Introduzione — Doveri delle Mogli
I doveri delle mogli nel Nuovo Testamento formano un'halakhah — un «cammino» (derech) normativo che codifica il ruolo della moglie cristiana non come soggezione passiva ma come risposta strutturata all'agapē del marito. La tradizione ebraica conosce il concetto di ezer kenegdo (Gn 2:18) — aiuto corrispondente, non subalterno —, che Paolo e Pietro leggono come icona dell'alleanza tra la Chiesa e Cristo. Dodici comandi apostolici tracciano i contorni di questa vocazione: sottomissione, ornamento interiore, condotta testimoniale, amore concreto per il marito e i figli. Ogni comando è una halakhah operativa, non una generica esortazione morale.
Paolo comanda: «Mogli, siate soggette ai vostri mariti, come al Signore» (Ef 5:22). Il greco ὑποτάσσεσθε (hypotassesthe) — presente medio riflessivo — indica un'azione che la moglie compie su se stessa, non una sottomissione imposta dall'esterno. Il modello è cristologico: «come la Chiesa è soggetta a Cristo» (Ef 5:24). Questo frame non abbassa la dignità della moglie ma la colloca nell'economia dell'alleanza: la Chiesa non è serva di Cristo ma sua sposa. Colossesi 3:18 aggiunge la qualificazione «come si conviene nel Signore» (hos anēken en kyriō) — la sottomissione è limitata dalla fedeltà al Signore, non assoluta. Giovanni Crisostomo, commentando Efesini, sottolinea che la sottomissione della moglie presuppone e richiede l'amore sacrificale del marito: i due comandi si sostengono reciprocamente come il modello Cristo-Chiesa.
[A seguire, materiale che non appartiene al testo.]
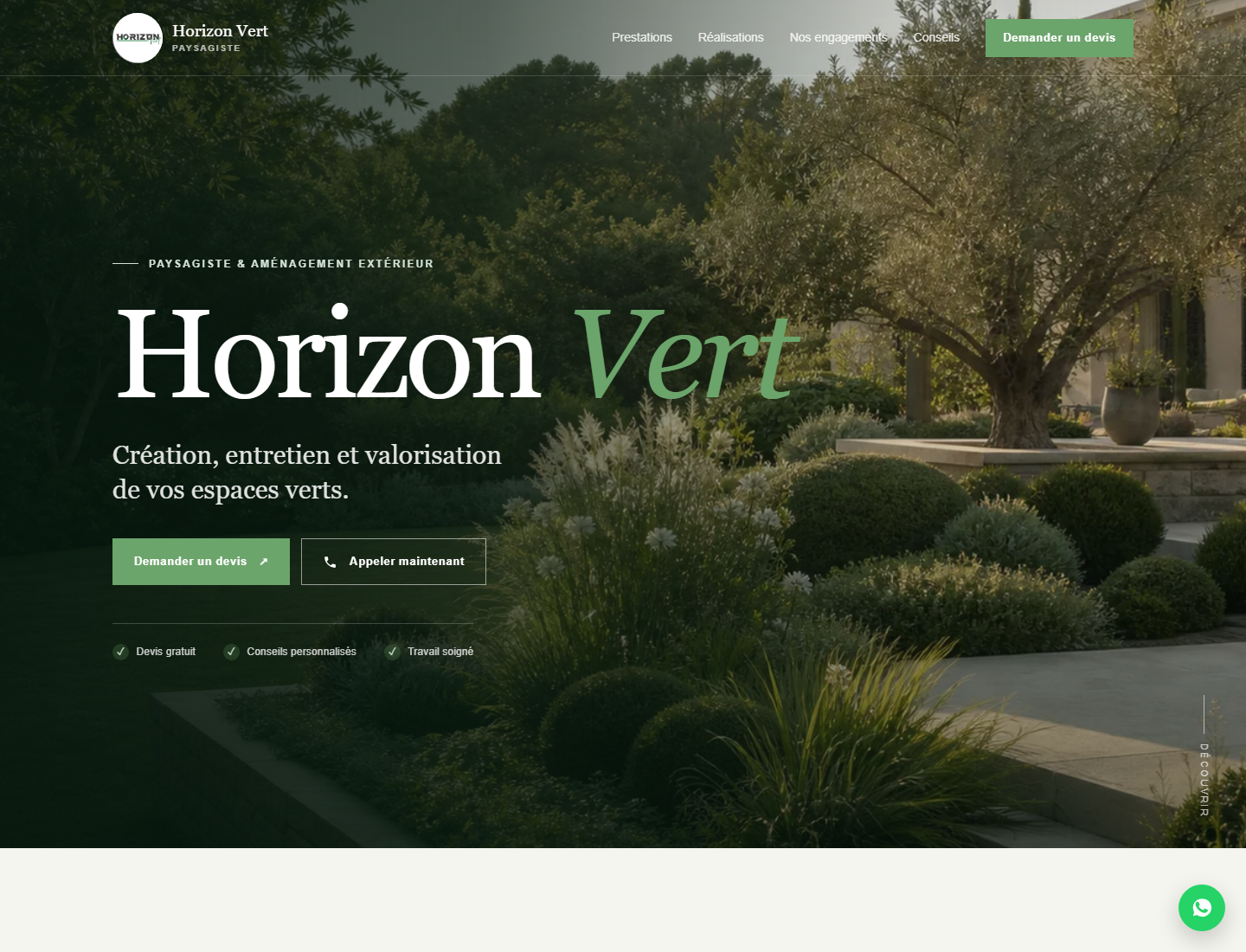 Capture du site Horizon Vert réalisé par ReputIA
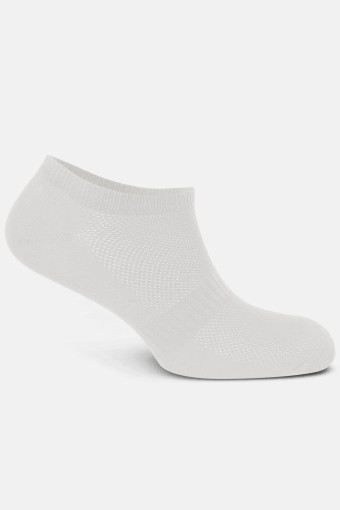Likya Erkek Pamuklu Lastikli Patik Çorap - Düz (Beyaz) - Thumbnail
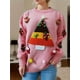 thumbnail image 5 of Suéteres de punto de jacquard con diseño de árbol de Navidad de color para mujer, decoración tridimensional, cuello redondo, manga larga, suéter para mujer, nuevo, 5 of 5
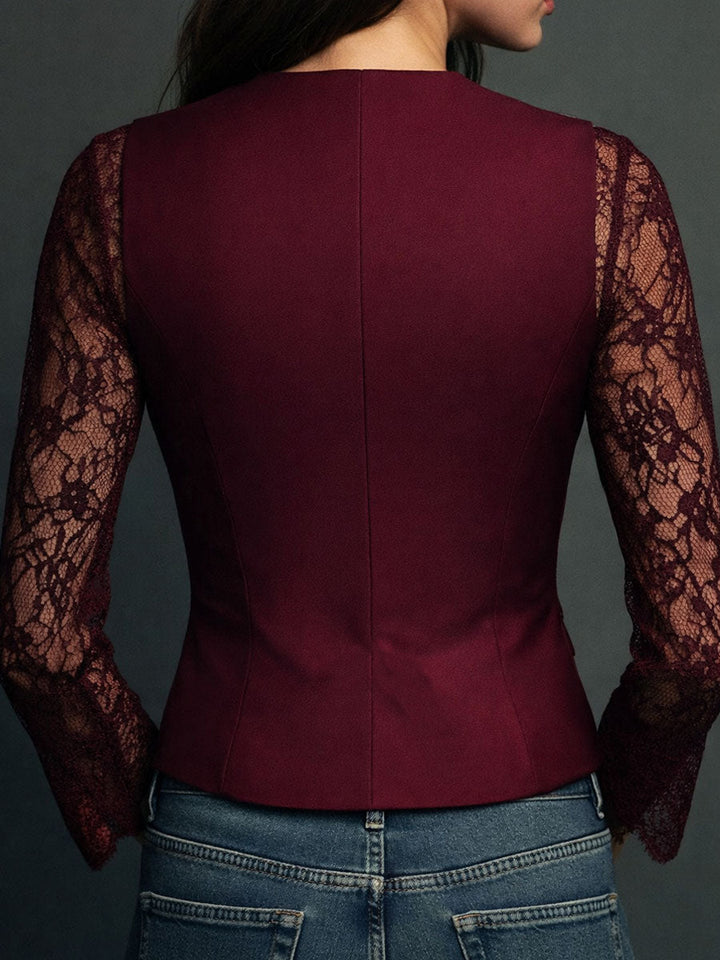 Black Lace Sleeve Blazer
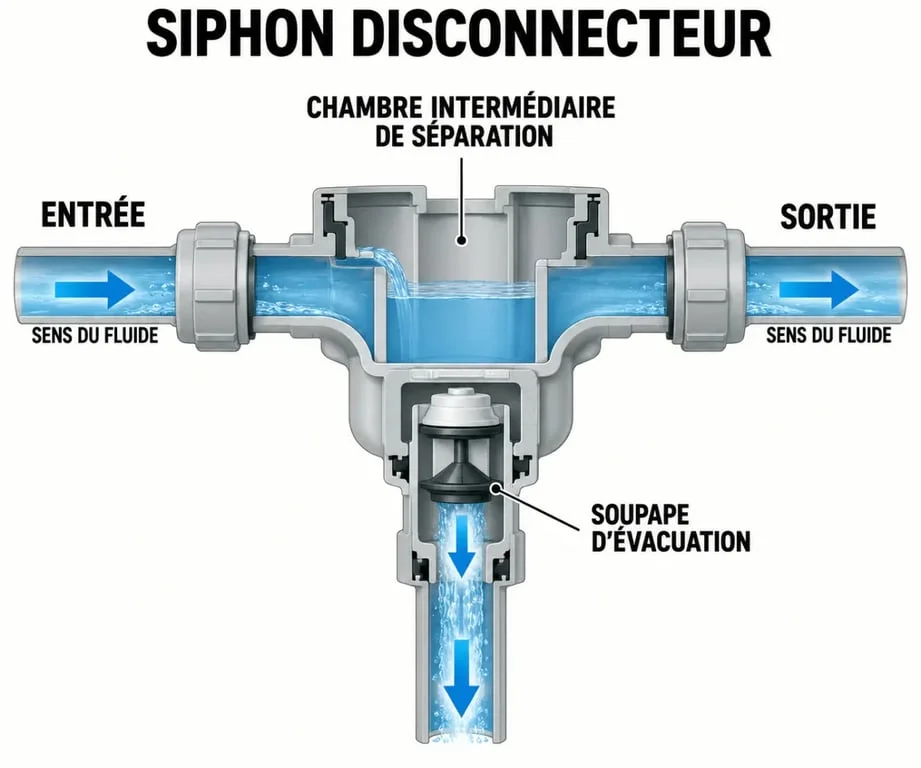 Schéma d'un siphon disconnecteur montrant la chambre intermédiaire et la soupape d'évacuation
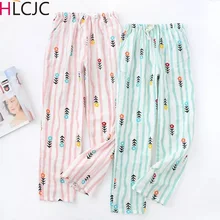 Свежие Подсолнухи, женские штаны для сна, марлевые хлопковые пижамы с милым рисунком, брюки, качественные летние повседневные удобные женские Пижамные брюки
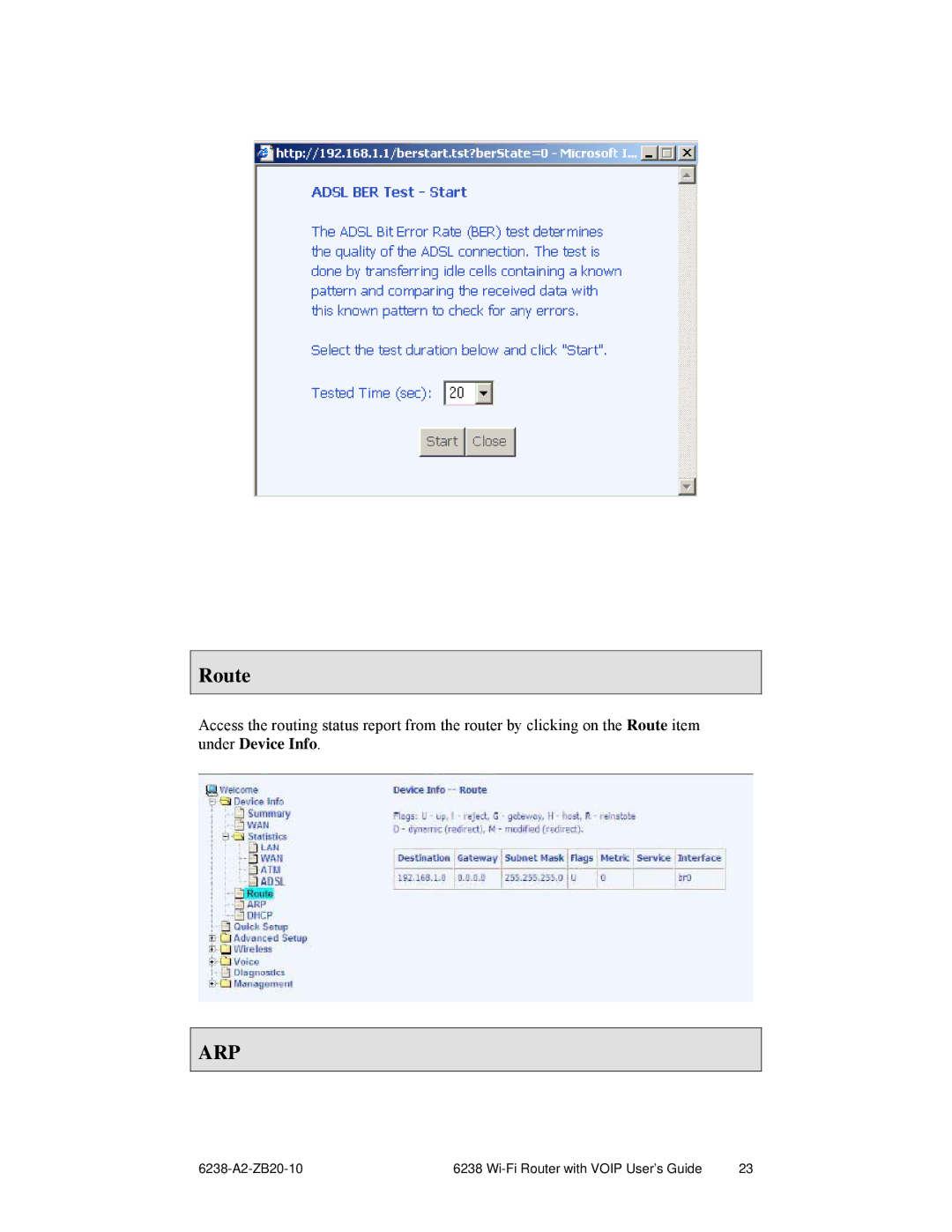 Zhone Technologies 6238-I2 manual Route, Arp 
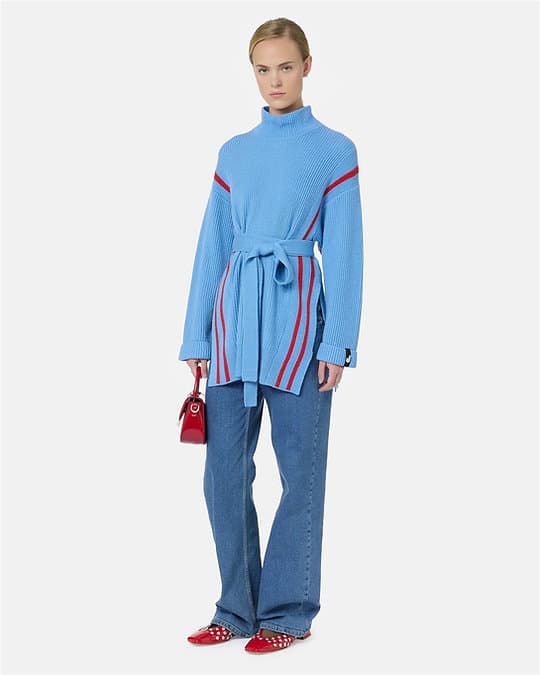 ICEBERG Blue & Red Knit Sweater with Belt 3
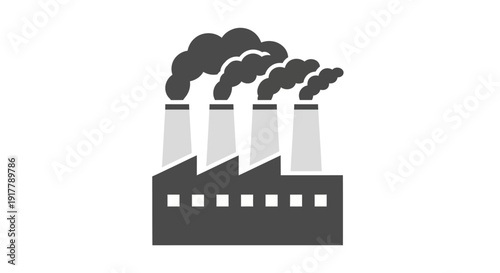 Industrial Factory with Smokestacks.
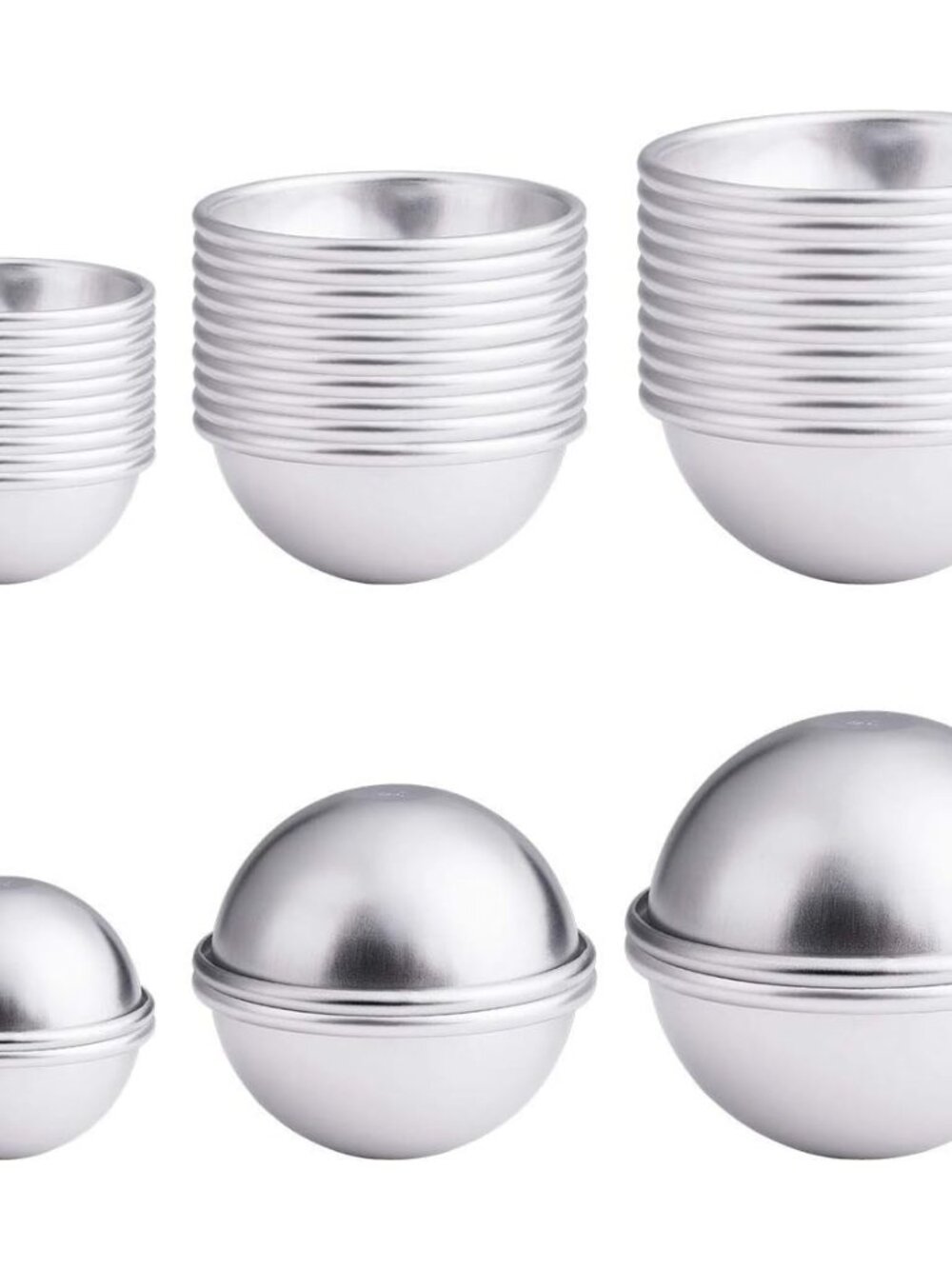 Bath Bomb Molds Kit, 30PCS 15 Set 3 Size Mold Set for DIY Making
Pietro indirizza il suo comando in primo luogo alle mogli di mariti non credenti: «Parimente voi, mogli, siate soggette ai vostri mariti, affinché siano guadagnati senza parola dalla condotta delle loro mogli» (1Pt 3:1). Il mezzo di evangelizzazione non è la parola ma la condotta — ἀναστροφή (anastrophē), il comportamento costante e visibile. Pietro specifica: «quand'avranno considerato la vostra condotta casta e rispettosa» (1Pt 3:2). Il valore teologico dell'ornamento interiore emerge nel v. 4: πνεύματος πραέος καὶ ἡσυχίου (pneumatos praeos kai hēsychiou), spirito mite e quieto, «che agli occhi di Dio è di gran prezzo». L'esempio è Sara, che chiamò Abramo «signore» — non per servitù ma per fiducia nell'alleanza: «della quale voi siete divenute figlie» (1Pt 3:6).
Paolo istruisce Tito a formare le donne anziane perché insegnino alle giovani «ad amare i mariti, ad amare i figli, ad esser assennate, caste, date ai lavori domestici» (Tt 2:4-5). Il philandros (che ama il marito) e il philoteknos (che ama i figli) sono disposizioni relazionali concrete, non sentimentali: si insegnano e si praticano. La motivazione è esplicitamente kerygmatica: «affinché la Parola di Dio non sia bestemmiata» (Tt 2:5). La condotta della moglie cristiana è apologetica pubblica. La mutualità del vincolo coniugale è ribadita in 1Cor 7:3: «Il marito renda alla moglie quel che le è dovuto; e lo stesso faccia la moglie verso il marito» — la moglie partecipa pienamente alla reciprocità del débito coniugale.
- Comprendere la sottomissione come scelta libera: Hypotassesthe è voce media riflessiva — la moglie sceglie di collocarsi nell'ordine dell'alleanza. Non è una resa ma una posizione relazionale deliberata, fondata sull'agapē del marito (Ef 5:22-24).
- Curare l'ornamento interiore prima di quello esteriore: Pietro comanda di investire nello «spirito mite e quieto» prima che nell'abbigliamento. La pace interiore è la forma di bellezza che ha valore permanente agli occhi di Dio (1Pt 3:4).
- Esercitare la condotta come testimonianza: La anastrophē di 1Pt 3:1 insegna che i mariti non credenti vengono guadagnati non dalla persuasione verbale ma dalla coerenza visibile tra fede e comportamento quotidiano.
- Amare concretamente marito e figli: Il philandros e il philoteknos di Tt 2:4 sono capacità che si formano e si trasmettono. L'amore coniugale e materno si apprende come ogni competenza pratica, nella comunità delle donne più anziane.
- Partecipare alla mutualità del vincolo coniugale: 1Cor 7:3 ricorda che la moglie ha obblighi e diritti simmetrici a quelli del marito. La sottomissione non elimina la reciprocità ma la ordina nell'alleanza.